More seats mean more money for FIFA. It's that simple.

.....

Consider this: A World Cup today could be scattered quite easily around a roster of fabulous stadiums that didn't even exist when the United States hosted World Cup 1994.

Let that sink in. That's how deep the selection of stadiums is here.

And, of course, venerable facilities such as the Rose Bowl, which hosted the 1994 final, remain in play. That one also holds 100,000-plus fans.

The 1994 World Cup smashed previous records for attendance; the 52-game tournament averaged 68,991 fans, a mark that still stands. The next one here will easily surpass that record.

......

There's also a matter of sponsorship. Here, too, FIFA has reason to purr over prospects of a second World Cup in the United States.

"From a sponsorship perspective, the two countries that advertisers currently covet most are the United States and China, and this will probably continue to be the case in 2018 and beyond," said John Alper, vice president of Premier Partnerships, a national sales and marketing firm specializing in revenue generation for facilities, events and properties. "Obviously, FIFA considers a variety of factors for this decision. However, from a sponsorship perspective, having the USA as the host nation is definitely a plus."

And by "definitely a plus," he means more cash for the FIFA kitty. Ka-ching!

The 1994 World Cup was a rousing success, at least in terms of attendance and revenue. And soccer's profile has risen substantially in the United States in the 15 years since. That means hosting a World Cup in 2018 or 2022 would be a colossus.

The World Cup in Germany averaged 52,491 spectators per contest. Given the scale of the new facilities available to the U.S.' bid, the average crowd for a World Cup in the United States could climb to 75,000. That's an extra 22,000-plus fans for 64 matches. With an average ticket price of $140 or so (the World Cup in South Africa next year will charge an average of $139, so that is a very conservative estimate), that's an additional $197 million just in ticket revenue.

......

One more thing: Facilities in other countries, nice as some are, aren't designed with luxury boxes in mind. Not to the extent U.S. stadiums are, at least. Those opportunities for premium sales generate good money, too. Ka-ching, again.

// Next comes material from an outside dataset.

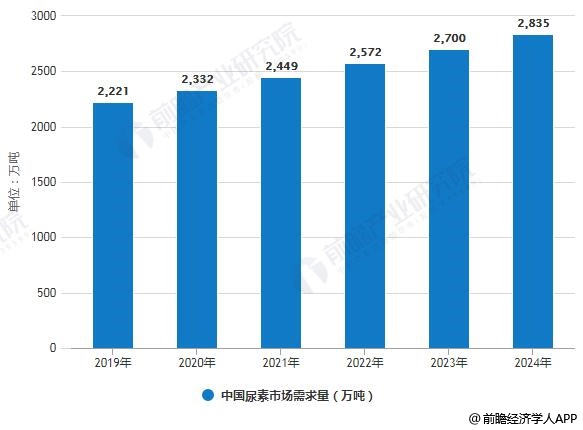 2019-2024年中国尿素市场需求量预测情况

Money talks. FIFA listens. Another World Cup is headed to the United States in your lifetime, and Feb. 2 is the day it all officially started.]
Firstly, I doubt whether the sponsorship for a US world cup would be that much greater than for a European world cup, if at all. I just don't think that's the case at all given that it's a global event and Europe is football's heratland; the whole continent gets world cup fever during those three weeks every four years to an extent which America does not. England's economy was estimated to have lost out on £2bn because of our failure to qualify for last year's Euros; that gives you some idea of what we're talking about here.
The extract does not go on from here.